On Feb. 4, 1906, Dietrich Bonhoeffer was born to his parents, Karl and Paula Bonhoeffer in what today is the city of Wroclaw, Poland.  He was raised and educated a Lutheran, receiving a degree from the University of Berlin when he was 21 and a Master of Divinity from Augustana Divinity School.

     In 1930 he traveled to New York City where he studied at Union Theological Seminary in Harlem.  While he was there, Bonhoeffer began to see things “from below” meaning from the perspective of those who are suffering from poverty and social injustice.  He was transformed form being a man who loved to study Christianity from its intellectual side to a man driven to carry out the teaching of Christ, particularly those found in the Sermon on the Mount.  On November 15, 1931, he was ordained at St. Matthews Church in Berlin.  Just two years before Hitler came to power.
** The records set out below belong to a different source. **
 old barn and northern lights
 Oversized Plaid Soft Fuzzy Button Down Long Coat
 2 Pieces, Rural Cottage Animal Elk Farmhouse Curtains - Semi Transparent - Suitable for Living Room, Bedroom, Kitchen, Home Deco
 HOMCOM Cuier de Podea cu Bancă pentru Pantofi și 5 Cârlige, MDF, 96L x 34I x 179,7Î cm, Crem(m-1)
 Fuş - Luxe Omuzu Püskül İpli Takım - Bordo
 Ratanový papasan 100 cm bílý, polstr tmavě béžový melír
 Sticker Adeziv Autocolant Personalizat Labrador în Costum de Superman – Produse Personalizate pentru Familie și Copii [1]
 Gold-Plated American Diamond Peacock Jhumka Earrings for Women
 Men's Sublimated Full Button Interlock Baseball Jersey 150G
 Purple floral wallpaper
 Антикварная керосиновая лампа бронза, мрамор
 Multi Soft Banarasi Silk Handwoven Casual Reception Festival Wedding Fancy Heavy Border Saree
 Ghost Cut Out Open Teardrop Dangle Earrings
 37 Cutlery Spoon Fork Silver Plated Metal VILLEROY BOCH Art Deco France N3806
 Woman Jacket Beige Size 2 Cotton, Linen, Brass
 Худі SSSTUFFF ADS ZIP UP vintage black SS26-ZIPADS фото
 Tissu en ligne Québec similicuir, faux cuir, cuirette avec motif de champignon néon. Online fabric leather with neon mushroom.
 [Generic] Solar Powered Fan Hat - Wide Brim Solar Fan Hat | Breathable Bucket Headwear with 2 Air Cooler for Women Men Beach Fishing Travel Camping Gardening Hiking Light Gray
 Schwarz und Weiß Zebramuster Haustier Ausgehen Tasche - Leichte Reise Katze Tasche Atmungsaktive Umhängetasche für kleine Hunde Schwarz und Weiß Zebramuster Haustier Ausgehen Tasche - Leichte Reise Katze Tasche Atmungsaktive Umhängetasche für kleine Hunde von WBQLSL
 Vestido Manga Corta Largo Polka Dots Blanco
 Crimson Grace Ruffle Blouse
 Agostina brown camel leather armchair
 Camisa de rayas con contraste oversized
     Hitler immediately called for new church elections, which were rigged so that Nazis would gain control.   In opposition to the Nazis, Bonhoeffer formed the “Confessing Church.”  The Confessing Church doctrine was to keep spiritual matters in the hands of the church and not the government.  Bonhoeffer and others objected to the Nazi nationalist church which removed most of the Old Testament (too Jewish), forbade anti-Nazi sermons and writings, and created a more anti-Jewish Jesus.

     Bonhoeffer’s stance lead to his being ostracized from most religious circles in Germany, so he went to London for two years to write and “spend some time in the desert.”  In1935 he returned to Germany hoping to create an underground seminary, which would teach the principles of the Confessing Church.  In August of 1936, he was declared a “pacifist and an enemy of the state.”  A year later Himmler declared the Confessing Church to be illegal.  Over the next two years, Bonhoeffer did his teaching and preaching in secret.  He also wrote his most famous work The Cost of Discipleship, a commentary on the Sermon on the Mount.

     In June of 1939, afraid of being drafted into the German army, Bonhoeffer fled to the U.S.  He did not stay long.  He felt his place and his battle for the Church was in Germany.

     Once in Germany, he learned that he was not allowed to speak to any group or publish any writings.  He joined the anti-Nazi underground and had knowledge of some of the attempts to assassinate Hitler.  Over the next two years he served as a courier for the German resistance.

     On April 5, 1943, Bonhoeffer was arrested and imprisoned in Tegel military prison for 18 months awaiting trial.  He continued to write and many of his essays and letters were smuggled out by sympathetic guards.

     In July, 1944, a bomb went off in a conference room nearly killing Hitler.  Bonhoeffer was implicated in the conspiracy along with 7000 others including  Irwin Rommel.  In February, 1945, He was moved first to Buchenwald concentration camp and then to Flossenburg concentration camp in Germany north of Munich near the Czech border. 

     Bonhoeffer was condemned to die in a kangaroo court on April 8, 1945.  He was tortured and hung the next day, just two weeks before American troops liberated the camp.  Witnesses say he went to his death bravely and prayerfully.